On Fri, 4 Feb 2005 04:09:03 +0800, Autrijus Tang <[EMAIL PROTECTED]> wrote:
...
Let's take the first one first, because it is what S06 seems to imply,
although it is against Perl5's tie() intuition:

    my @carton is Scalar;               # assuming this is the default

Now @carton implements the same set of behaviour as $spot.  It
essentially means that every variable is a scalar variable, and
the only different of @carton vs $spot is that @carton applies
list context to its right hand side in assignment and binding,
while $spot applies scalar context.

I asked that before, and answer was:
On Tue, 30 Nov 2004 14:13:52 -0800, Larry Wall wrote:
...
I think the only place they differ is in list context.  @a always
interpolates, and $a never does.
and everywhere else they would work the same.
rather little difference to have different "namespaces", huh?

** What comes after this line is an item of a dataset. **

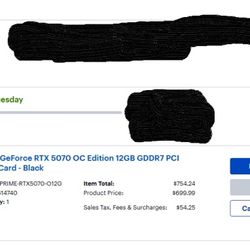 ASUS NVIDIA GEFORCE RTX 5070 OC EDITION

I still have some doubts. How could I make a reference to array?
looks like this should work in perl6, because of scalar context:
  $arref = @arr;
or the perl5 way. is it the same somehow? or is it wrong in perl6?
  $arref = [EMAIL PROTECTED];

and the mentioned problem is interesting too..
my @array is Scalar; # this isn't the default, as I know
@array = (1,2,3);
how such a weird var would behave?
my $var = "test";
my @arr := $var;
error? or maybe it would be the same weirdness, like in former example? or maybe it's a ["test"]?